:: EXERCISE ::
Pictures stay out; everything else in the records below is copied exactly.
[[ MATERIAL PROVIDED open ]]
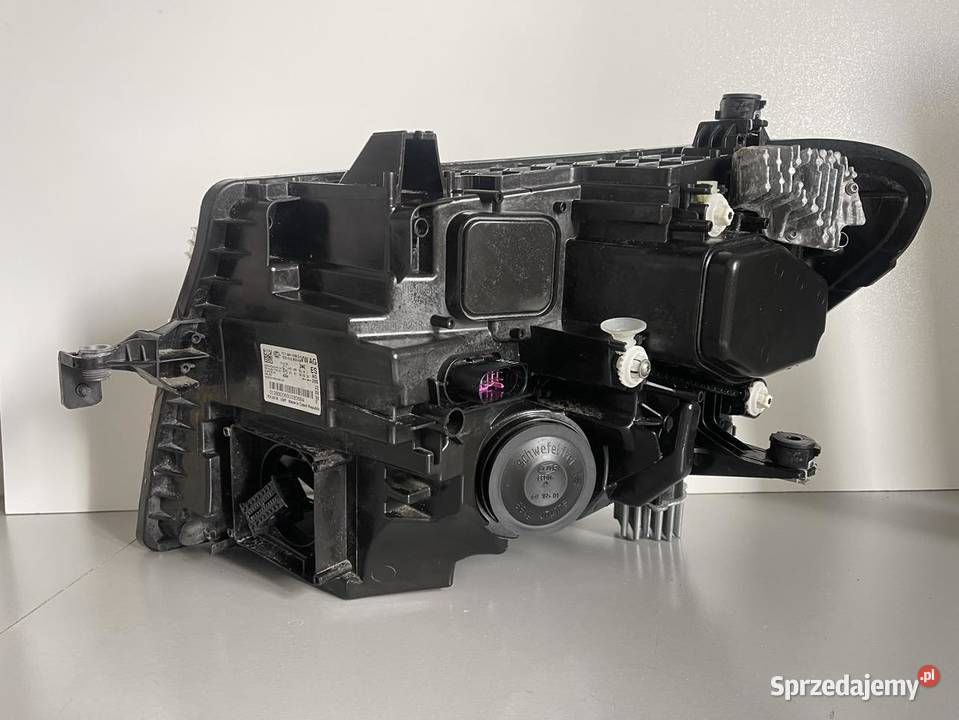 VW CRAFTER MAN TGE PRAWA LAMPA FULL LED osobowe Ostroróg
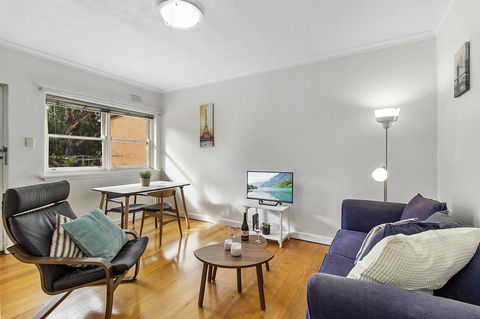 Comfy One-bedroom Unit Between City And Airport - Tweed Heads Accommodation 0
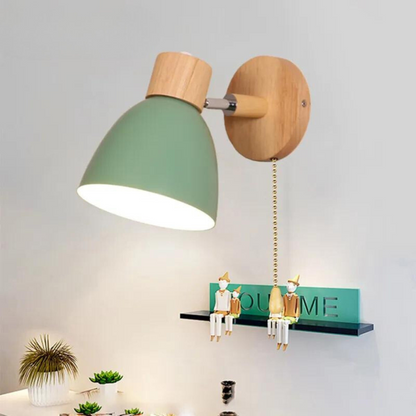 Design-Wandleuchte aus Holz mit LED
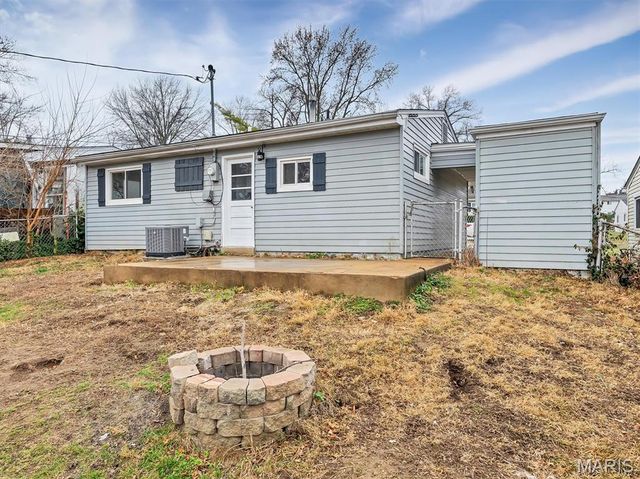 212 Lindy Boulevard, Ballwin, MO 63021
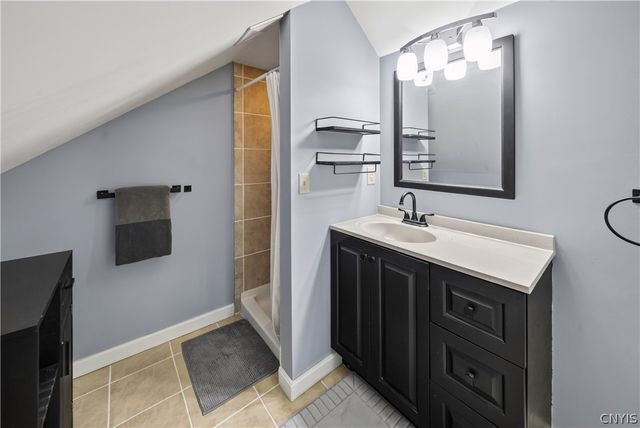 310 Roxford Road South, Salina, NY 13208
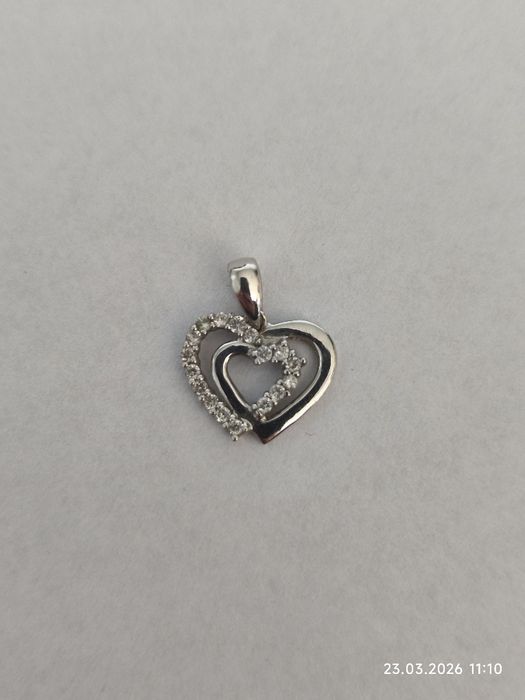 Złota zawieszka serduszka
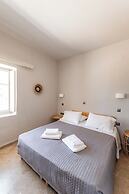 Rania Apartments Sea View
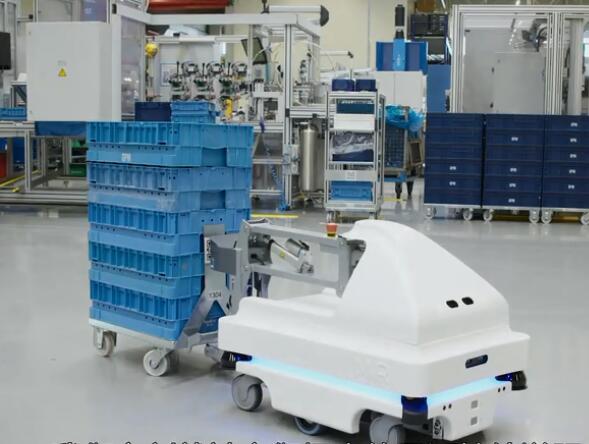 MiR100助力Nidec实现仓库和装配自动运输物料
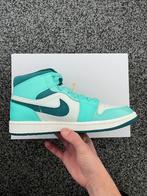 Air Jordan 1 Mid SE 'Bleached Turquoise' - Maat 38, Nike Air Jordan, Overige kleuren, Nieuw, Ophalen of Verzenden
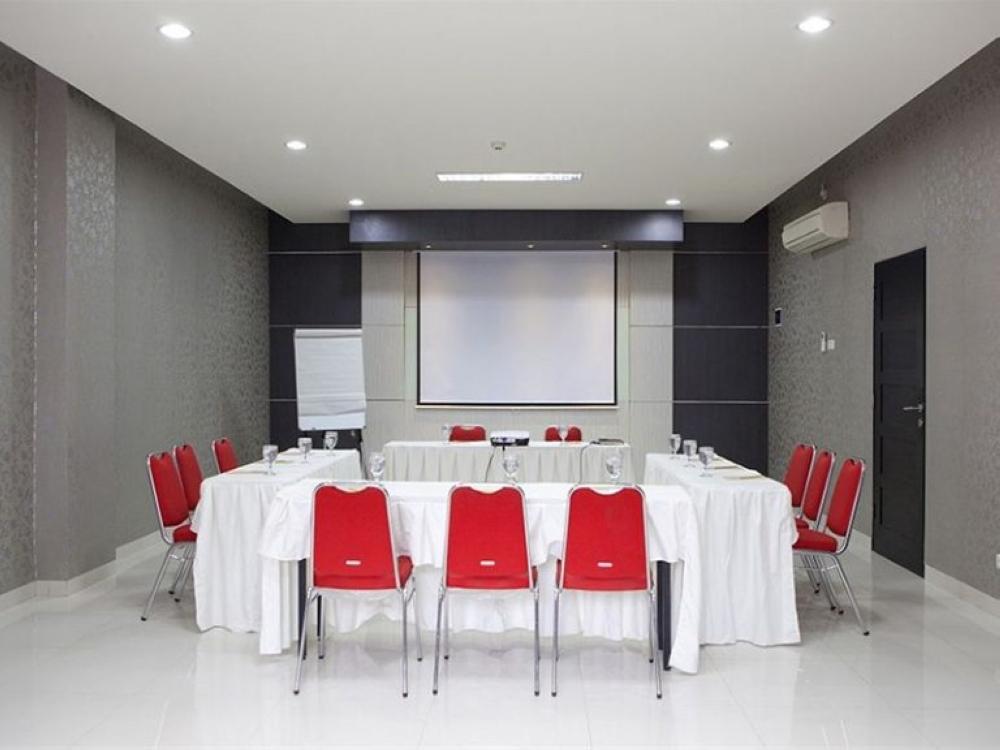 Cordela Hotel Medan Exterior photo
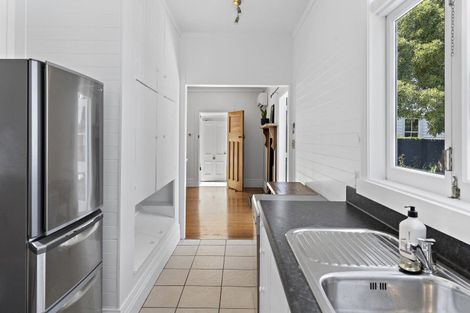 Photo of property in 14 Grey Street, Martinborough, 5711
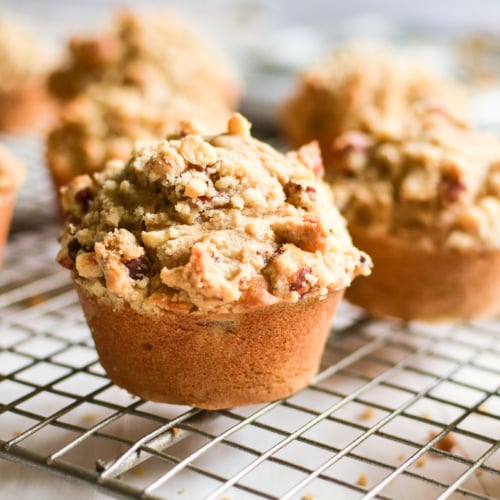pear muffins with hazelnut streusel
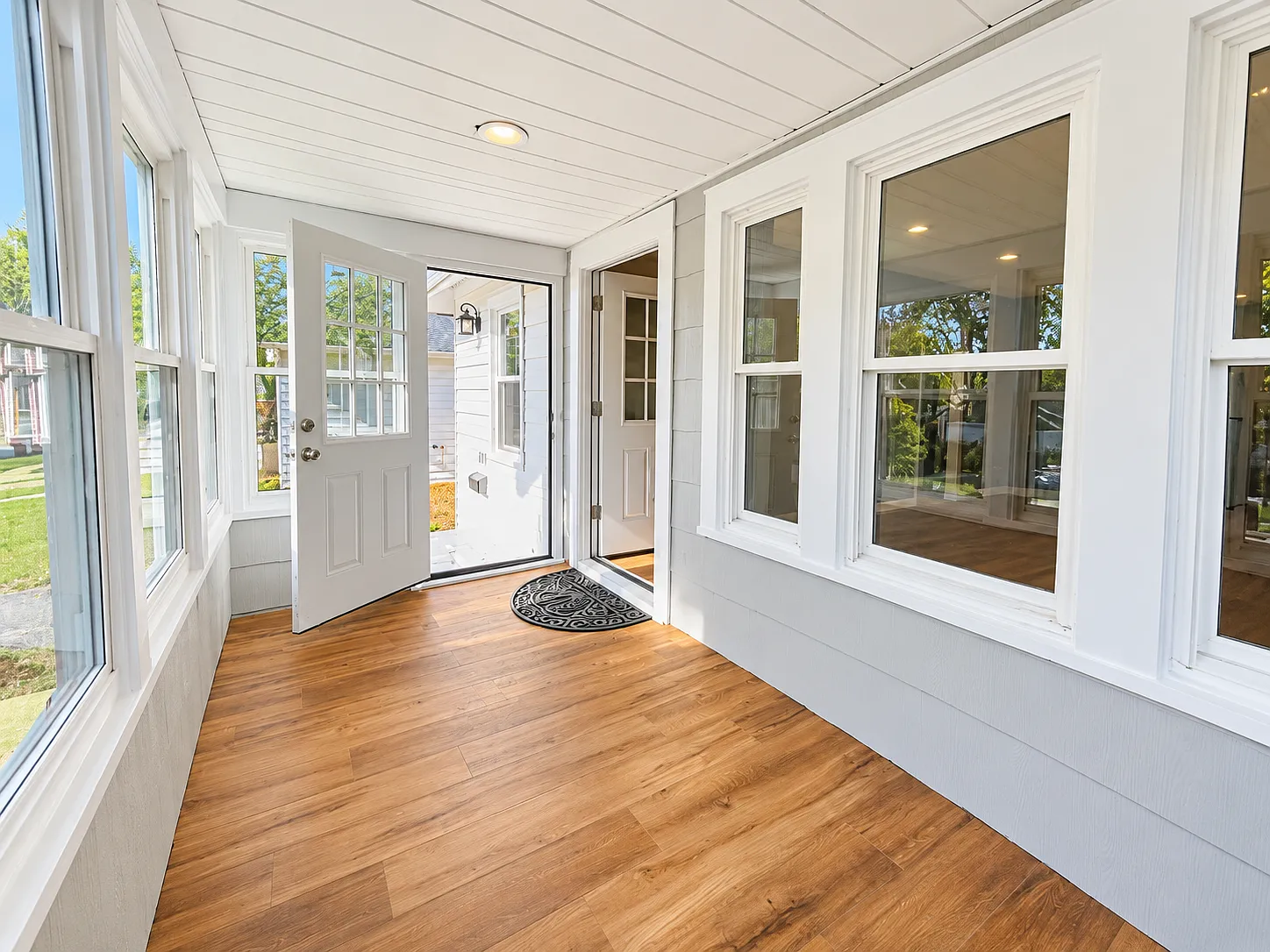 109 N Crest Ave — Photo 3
[[ MATERIAL PROVIDED closed ]]
:: ANSWER BOX ::
 VW CRAFTER MAN TGE PRAWA LAMPA FULL LED osobowe Ostroróg
 Comfy One-bedroom Unit Between City And Airport - Tweed Heads Accommodation 0
 Design-Wandleuchte aus Holz mit LED
 212 Lindy Boulevard, Ballwin, MO 63021
 310 Roxford Road South, Salina, NY 13208
 Złota zawieszka serduszka
 Rania Apartments Sea View
 MiR100助力Nidec实现仓库和装配自动运输物料
 Air Jordan 1 Mid SE 'Bleached Turquoise' - Maat 38, Nike Air Jordan, Overige kleuren, Nieuw, Ophalen of Verzenden
 Cordela Hotel Medan Exterior photo
 Photo of property in 14 Grey Street, Martinborough, 5711
pear muffins with hazelnut streusel
 109 N Crest Ave — Photo 3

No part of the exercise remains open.